**What the task asks:**
When you reach the line containing "Storage Rack Nordic" in the records below, start copying exactly, and stop once you have copied the line containing "Daytime road noise heatmap for LS29 7ND".

···

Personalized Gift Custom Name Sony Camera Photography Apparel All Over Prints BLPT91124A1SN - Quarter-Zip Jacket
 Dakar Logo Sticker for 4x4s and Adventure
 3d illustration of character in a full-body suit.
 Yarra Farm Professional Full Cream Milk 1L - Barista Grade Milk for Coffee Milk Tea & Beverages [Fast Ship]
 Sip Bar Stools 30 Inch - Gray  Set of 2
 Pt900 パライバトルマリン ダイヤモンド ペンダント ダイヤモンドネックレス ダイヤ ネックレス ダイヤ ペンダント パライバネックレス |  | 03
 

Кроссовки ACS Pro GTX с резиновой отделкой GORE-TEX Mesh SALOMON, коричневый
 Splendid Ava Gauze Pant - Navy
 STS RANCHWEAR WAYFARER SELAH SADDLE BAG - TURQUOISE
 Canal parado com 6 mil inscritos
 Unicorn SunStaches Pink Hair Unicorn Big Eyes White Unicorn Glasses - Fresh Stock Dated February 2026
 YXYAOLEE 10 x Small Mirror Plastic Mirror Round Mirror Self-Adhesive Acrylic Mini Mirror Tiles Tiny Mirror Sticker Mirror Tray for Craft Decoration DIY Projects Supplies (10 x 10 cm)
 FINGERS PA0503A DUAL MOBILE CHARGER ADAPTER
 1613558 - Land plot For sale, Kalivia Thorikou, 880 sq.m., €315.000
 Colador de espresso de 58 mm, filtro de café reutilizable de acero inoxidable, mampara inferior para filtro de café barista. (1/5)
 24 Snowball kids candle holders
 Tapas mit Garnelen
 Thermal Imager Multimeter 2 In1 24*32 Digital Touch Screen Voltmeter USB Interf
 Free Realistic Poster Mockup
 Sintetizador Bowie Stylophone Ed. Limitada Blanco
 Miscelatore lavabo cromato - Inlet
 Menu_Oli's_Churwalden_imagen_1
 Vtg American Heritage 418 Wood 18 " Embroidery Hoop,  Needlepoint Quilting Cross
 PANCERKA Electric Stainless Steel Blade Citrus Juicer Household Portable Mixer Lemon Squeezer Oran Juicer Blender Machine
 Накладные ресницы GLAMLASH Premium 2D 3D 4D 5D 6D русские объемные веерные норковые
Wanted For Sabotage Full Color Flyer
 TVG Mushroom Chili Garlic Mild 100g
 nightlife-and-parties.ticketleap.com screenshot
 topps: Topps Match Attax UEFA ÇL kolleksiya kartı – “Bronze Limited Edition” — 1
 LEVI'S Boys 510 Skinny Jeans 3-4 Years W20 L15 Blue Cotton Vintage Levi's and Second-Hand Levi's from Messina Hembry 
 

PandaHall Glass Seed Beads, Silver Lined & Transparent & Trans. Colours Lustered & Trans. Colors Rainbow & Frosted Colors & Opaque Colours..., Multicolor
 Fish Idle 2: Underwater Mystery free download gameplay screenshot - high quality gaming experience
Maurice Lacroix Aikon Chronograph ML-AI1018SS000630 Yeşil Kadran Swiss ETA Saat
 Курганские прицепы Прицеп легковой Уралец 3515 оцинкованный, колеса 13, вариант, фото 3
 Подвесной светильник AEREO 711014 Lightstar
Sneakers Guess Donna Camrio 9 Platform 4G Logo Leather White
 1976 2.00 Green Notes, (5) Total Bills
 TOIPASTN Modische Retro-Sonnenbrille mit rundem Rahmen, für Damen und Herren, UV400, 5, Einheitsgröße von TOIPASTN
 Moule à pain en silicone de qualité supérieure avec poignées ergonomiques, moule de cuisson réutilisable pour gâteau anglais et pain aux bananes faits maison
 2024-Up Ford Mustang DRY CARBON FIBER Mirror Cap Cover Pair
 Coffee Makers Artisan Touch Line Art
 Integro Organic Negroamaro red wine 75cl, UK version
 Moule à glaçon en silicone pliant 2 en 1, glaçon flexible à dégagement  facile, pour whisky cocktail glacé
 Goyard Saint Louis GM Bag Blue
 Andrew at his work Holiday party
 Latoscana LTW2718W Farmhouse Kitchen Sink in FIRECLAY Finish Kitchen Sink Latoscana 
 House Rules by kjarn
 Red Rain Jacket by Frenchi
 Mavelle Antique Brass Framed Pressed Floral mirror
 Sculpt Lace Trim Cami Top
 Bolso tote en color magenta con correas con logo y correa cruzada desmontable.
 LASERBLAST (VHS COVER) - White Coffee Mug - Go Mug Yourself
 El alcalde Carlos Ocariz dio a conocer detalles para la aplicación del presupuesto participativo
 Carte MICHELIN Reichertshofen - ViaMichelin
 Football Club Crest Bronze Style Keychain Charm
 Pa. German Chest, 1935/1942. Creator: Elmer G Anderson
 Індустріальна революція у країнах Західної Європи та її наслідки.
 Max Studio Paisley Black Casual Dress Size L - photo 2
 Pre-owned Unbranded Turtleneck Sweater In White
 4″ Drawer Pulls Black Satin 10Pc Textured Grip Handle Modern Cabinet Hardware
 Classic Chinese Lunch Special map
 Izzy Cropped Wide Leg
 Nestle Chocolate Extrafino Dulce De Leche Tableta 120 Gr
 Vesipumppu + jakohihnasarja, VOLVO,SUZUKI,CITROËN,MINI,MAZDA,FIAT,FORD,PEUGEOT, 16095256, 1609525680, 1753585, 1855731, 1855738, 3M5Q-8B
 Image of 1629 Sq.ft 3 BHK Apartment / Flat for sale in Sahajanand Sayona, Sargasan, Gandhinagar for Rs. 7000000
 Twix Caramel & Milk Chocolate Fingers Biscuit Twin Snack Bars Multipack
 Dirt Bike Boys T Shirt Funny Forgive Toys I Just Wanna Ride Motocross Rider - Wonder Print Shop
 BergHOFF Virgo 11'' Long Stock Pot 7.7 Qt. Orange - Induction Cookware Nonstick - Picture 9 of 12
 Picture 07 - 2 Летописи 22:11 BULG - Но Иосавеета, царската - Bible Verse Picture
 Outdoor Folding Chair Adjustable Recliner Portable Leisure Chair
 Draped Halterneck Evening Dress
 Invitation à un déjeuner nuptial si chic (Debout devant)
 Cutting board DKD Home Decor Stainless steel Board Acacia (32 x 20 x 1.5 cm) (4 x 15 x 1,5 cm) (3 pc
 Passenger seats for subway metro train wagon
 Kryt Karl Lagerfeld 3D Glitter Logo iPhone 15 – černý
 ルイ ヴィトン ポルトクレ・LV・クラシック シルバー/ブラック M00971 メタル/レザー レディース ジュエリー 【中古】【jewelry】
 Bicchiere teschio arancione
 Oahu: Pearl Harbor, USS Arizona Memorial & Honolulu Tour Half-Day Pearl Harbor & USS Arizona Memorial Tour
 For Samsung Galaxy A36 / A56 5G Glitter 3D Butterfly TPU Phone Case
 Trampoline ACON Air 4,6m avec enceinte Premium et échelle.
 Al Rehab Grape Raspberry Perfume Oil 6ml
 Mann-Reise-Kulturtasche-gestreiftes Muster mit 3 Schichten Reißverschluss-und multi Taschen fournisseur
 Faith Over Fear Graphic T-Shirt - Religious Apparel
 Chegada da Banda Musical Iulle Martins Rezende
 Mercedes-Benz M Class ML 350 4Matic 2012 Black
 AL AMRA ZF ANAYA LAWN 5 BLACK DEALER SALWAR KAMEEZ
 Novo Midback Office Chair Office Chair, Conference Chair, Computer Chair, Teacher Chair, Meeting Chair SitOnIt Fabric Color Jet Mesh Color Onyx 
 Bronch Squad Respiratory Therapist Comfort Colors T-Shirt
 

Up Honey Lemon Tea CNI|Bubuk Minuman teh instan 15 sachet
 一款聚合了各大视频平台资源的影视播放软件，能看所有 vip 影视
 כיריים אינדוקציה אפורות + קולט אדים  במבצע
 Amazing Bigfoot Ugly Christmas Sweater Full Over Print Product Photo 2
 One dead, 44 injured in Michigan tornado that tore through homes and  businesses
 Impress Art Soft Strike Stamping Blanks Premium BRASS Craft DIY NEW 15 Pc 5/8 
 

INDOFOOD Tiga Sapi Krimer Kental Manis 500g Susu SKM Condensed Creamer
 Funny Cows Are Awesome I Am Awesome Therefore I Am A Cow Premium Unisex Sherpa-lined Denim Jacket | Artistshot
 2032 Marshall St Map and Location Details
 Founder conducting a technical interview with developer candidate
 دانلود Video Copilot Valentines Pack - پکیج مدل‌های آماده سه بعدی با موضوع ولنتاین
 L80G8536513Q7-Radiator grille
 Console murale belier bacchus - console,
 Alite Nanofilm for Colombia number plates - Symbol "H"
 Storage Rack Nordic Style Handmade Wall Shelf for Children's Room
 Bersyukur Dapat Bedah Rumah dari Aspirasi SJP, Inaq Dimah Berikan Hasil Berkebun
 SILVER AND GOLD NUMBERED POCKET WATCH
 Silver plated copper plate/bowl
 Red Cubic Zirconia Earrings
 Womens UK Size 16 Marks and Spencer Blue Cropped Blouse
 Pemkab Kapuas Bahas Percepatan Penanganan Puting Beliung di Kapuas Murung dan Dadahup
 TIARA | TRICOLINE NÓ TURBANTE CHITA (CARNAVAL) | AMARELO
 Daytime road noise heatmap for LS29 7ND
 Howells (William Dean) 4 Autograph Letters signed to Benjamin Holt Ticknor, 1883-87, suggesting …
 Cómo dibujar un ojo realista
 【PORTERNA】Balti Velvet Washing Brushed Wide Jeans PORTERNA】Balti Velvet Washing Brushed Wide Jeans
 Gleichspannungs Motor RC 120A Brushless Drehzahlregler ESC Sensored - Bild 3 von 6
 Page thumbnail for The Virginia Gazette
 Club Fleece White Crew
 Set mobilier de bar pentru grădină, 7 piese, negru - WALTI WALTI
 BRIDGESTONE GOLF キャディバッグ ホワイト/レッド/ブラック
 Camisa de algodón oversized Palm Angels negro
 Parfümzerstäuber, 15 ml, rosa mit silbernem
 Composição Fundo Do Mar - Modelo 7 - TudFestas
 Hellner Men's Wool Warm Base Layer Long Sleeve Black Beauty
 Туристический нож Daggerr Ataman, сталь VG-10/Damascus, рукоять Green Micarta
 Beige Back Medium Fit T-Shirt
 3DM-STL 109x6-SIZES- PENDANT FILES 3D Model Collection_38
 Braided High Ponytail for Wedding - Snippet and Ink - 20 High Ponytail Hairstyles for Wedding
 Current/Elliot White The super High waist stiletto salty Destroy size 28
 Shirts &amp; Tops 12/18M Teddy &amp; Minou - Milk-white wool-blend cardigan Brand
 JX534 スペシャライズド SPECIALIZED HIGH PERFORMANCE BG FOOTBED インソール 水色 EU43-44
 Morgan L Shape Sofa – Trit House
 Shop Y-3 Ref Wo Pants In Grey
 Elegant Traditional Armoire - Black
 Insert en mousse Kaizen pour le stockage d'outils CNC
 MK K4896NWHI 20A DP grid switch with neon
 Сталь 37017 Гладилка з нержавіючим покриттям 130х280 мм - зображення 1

···

**Problem solution:**
 Storage Rack Nordic Style Handmade Wall Shelf for Children's Room
 Bersyukur Dapat Bedah Rumah dari Aspirasi SJP, Inaq Dimah Berikan Hasil Berkebun
 SILVER AND GOLD NUMBERED POCKET WATCH
 Silver plated copper plate/bowl
 Red Cubic Zirconia Earrings
 Womens UK Size 16 Marks and Spencer Blue Cropped Blouse
 Pemkab Kapuas Bahas Percepatan Penanganan Puting Beliung di Kapuas Murung dan Dadahup
 TIARA | TRICOLINE NÓ TURBANTE CHITA (CARNAVAL) | AMARELO
 Daytime road noise heatmap for LS29 7ND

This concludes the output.